Pence, a 2024 Republican presidential candidate, criticized the Biden administration for urging Israel to delay its ground invasion of the Gaza Strip until all of the more than 200 hostages are released. The former vice president called on the U.S. to allow Israel to take any step they feel is necessary to destroy and defeat Hamas, the terrorist group that launched the deadliest attack on Israel since the 1970s.

Harlow cited retired U.S. Army Gen. Stanley McCrystal’s previous comments to CNN arguing that the U.S. should have waited a year after the September 11, 2001, attacks before attacking Al-Qaeda in order to better prepare the U.S. for war in the Middle East. Pence responded by calling McCrystal’s assessment “incomprehensible” and took a shot at Biden’s “disastrous withdrawal” from Afghanistan in Aug. 2021.

“For twenty years, up until Joe Biden’s disastrous withdrawal from Afghanistan, it was American forces there, American forces around the world, that kept us safe from another major terrorist event on our soil. So no, I think we’ve gotta stand strong, I think we’ve gotta make it clear that there will be a price to be paid.” Pence said.

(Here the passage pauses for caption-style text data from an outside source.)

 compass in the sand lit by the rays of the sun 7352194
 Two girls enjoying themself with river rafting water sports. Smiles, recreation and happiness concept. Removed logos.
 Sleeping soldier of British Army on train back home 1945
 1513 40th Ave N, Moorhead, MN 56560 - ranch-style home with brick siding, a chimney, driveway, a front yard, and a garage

“I go back to that forty-years-ago lesson, Poppy. It was forty years ago today, 241 marines,” he continued, referring to the 1983 bombing of a barracks housing U.S. forces in Lebanon. “When we signaled American retreat, it was Osama Bin Laden himself who would write that emboldened him to set into motion the efforts that led to 9/11. We’ve got to meet this moment with American strength, and we’ve gotta stand without qualification by Israel as they do what needs to be done to hunt down and destroy Hamas.”

“I want to move onto the hostages being held, but before I do, President Biden [was]carrying an agreement to withdraw those troops from Afghanistan that was made during the Trump-Pence term presidency,” Harlow said. “Look, you said yesterday, Mr. Vice President, that you think that the U.S. should —”

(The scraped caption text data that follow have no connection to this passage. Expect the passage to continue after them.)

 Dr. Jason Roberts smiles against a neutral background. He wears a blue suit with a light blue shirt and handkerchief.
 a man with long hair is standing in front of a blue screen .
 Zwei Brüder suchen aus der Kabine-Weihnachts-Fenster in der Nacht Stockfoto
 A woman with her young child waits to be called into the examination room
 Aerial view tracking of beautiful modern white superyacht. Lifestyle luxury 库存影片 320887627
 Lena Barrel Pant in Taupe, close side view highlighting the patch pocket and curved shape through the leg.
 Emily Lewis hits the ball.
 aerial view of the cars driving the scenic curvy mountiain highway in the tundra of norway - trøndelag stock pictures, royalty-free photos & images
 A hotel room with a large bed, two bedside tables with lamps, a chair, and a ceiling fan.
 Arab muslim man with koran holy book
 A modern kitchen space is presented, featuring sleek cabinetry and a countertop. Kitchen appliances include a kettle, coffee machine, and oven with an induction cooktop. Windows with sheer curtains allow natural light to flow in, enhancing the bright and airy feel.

“Well, but it wasn’t carried out the way we were gonna carry it out, Poppy,” Pence interrupted. (RELATED: ‘With Overwhelming Force’: 2024 Presidential Candidates Respond To Attack On Israel) 

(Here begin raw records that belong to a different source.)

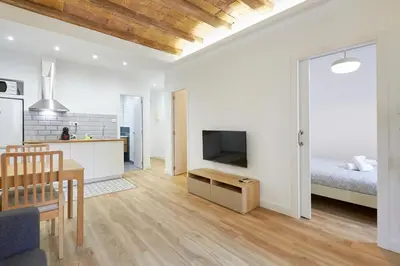 a kitchen and a living room with a bed and a table at Ro Lively and bright apartment next to Blai st in Barcelona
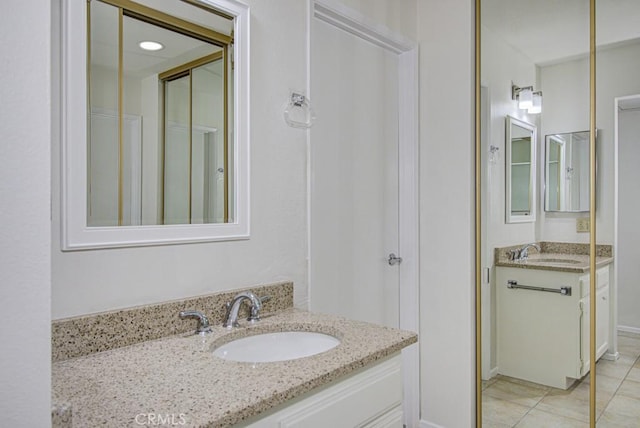3375 Punta Alta Unit A, Laguna Woods, CA 92637 - full bathroom featuring vanity and tile patterned flooring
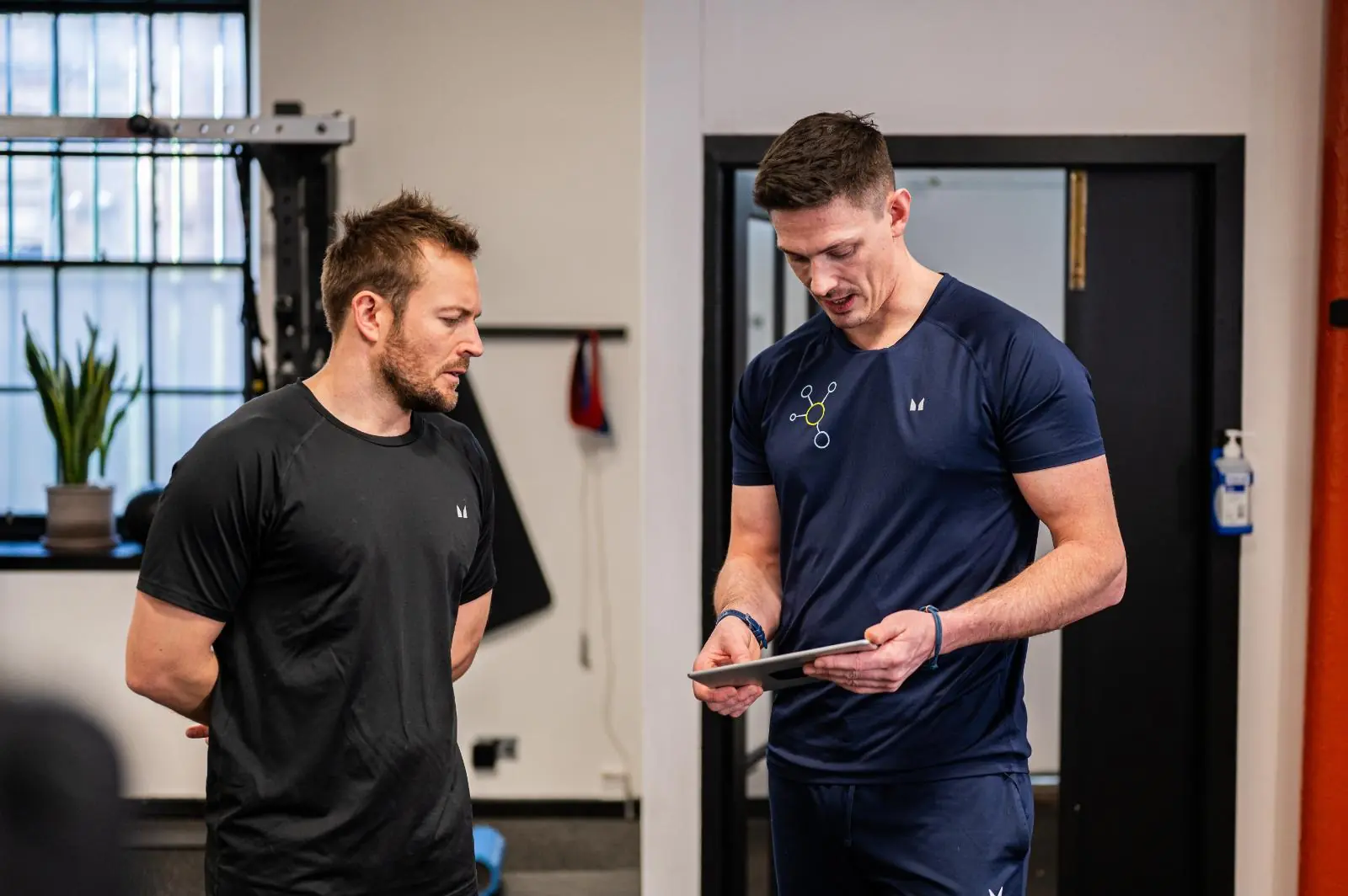 KA2_9297 Health by Science practitioners reviewing digital biometrics for personal training Edinburgh programs in Leith.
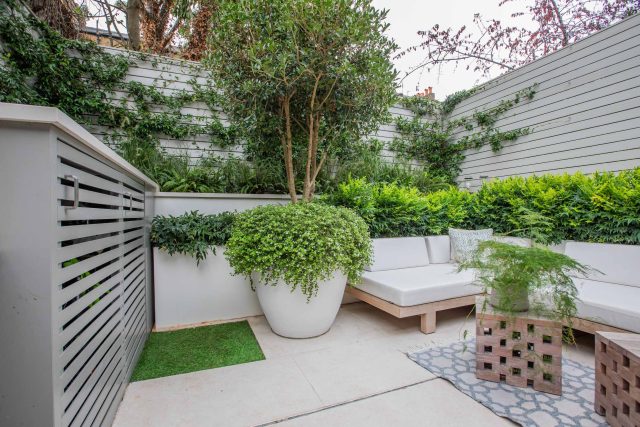 A brilliant design & build for this Small Garden in the heart of Clapham which encompasses a contemporary feel wash of vibrant colours landscaping company.
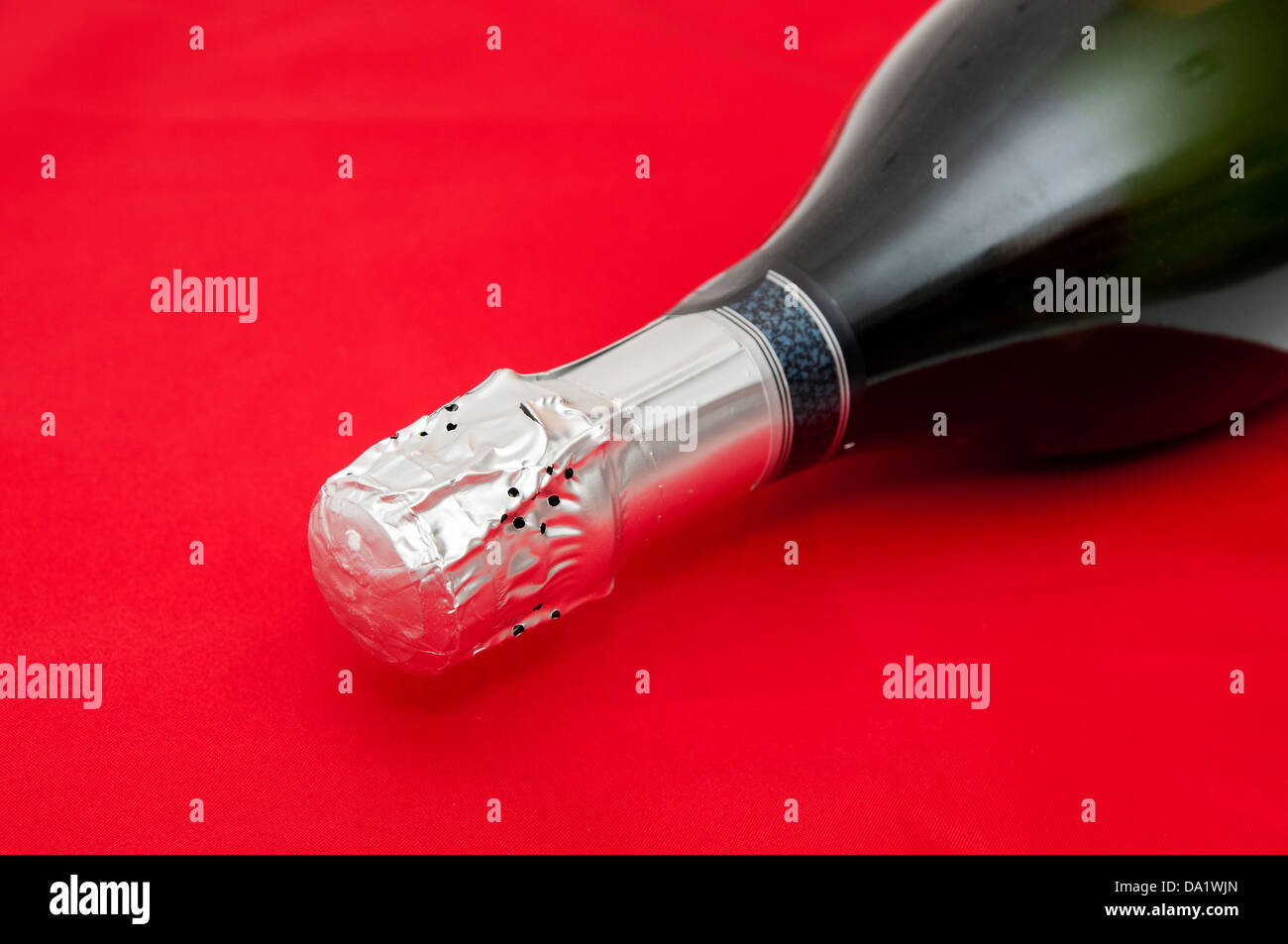 bottle of champagne on a red background Stock Photo - Alamy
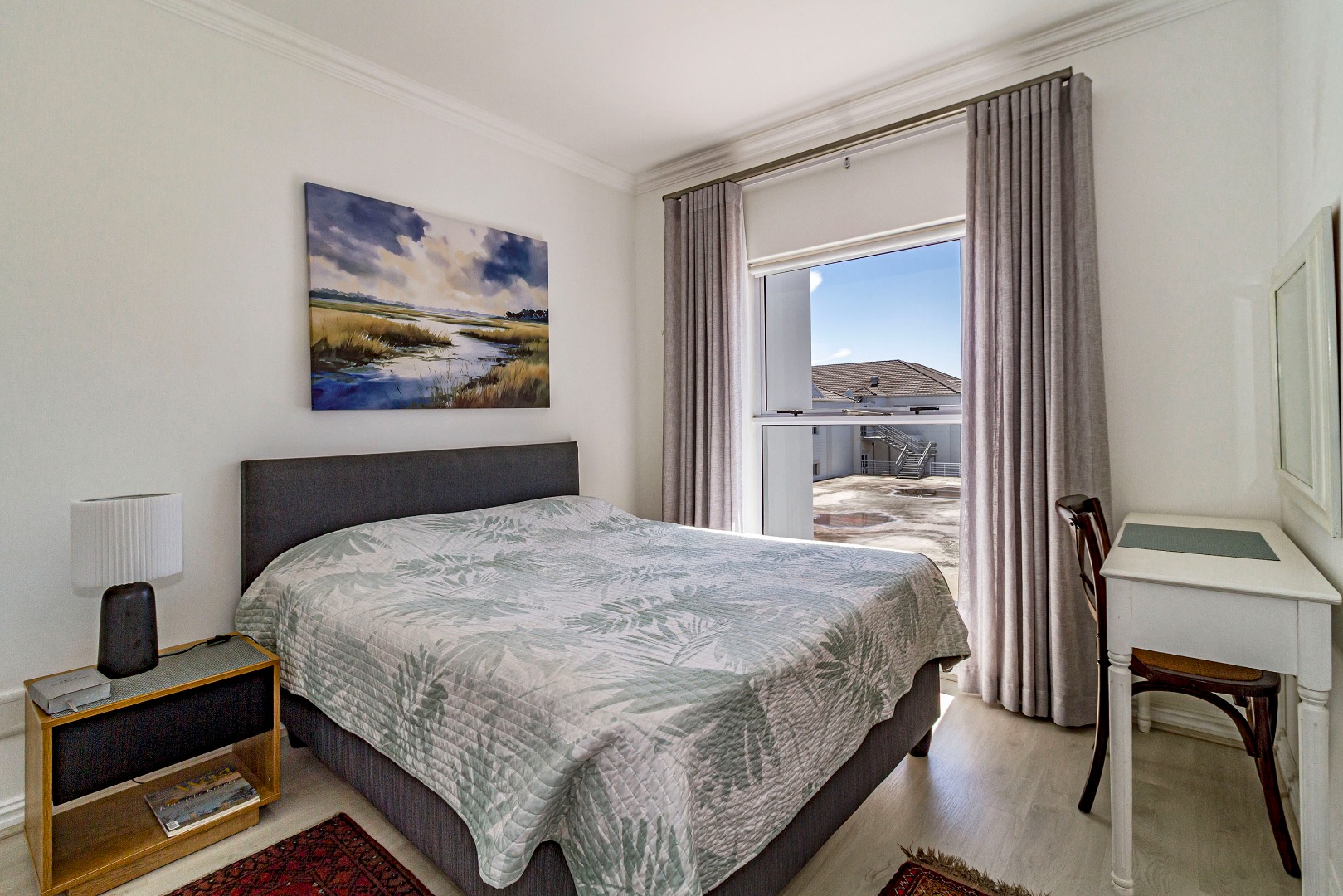 Sunny master bedroom with built in cupboards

“I want time to ask you about the hostages because you care a lot about this, Mr. Vice President,” Harlow continued.

“Well he changed the deal and it turned into a disastrous withdrawal, but we can talk about that again in the future,” Pence said.

A State Department after-action review team found fault with both the Biden and Trump administrations in the chaotic withdrawal of U.S. troops from Afghanistan. Thirteen U.S. service members were killed in a suicide bombing at the Kabul airport as the last American troops departed the country, and the Taliban quickly reclaimed Afghanistan after 21 years.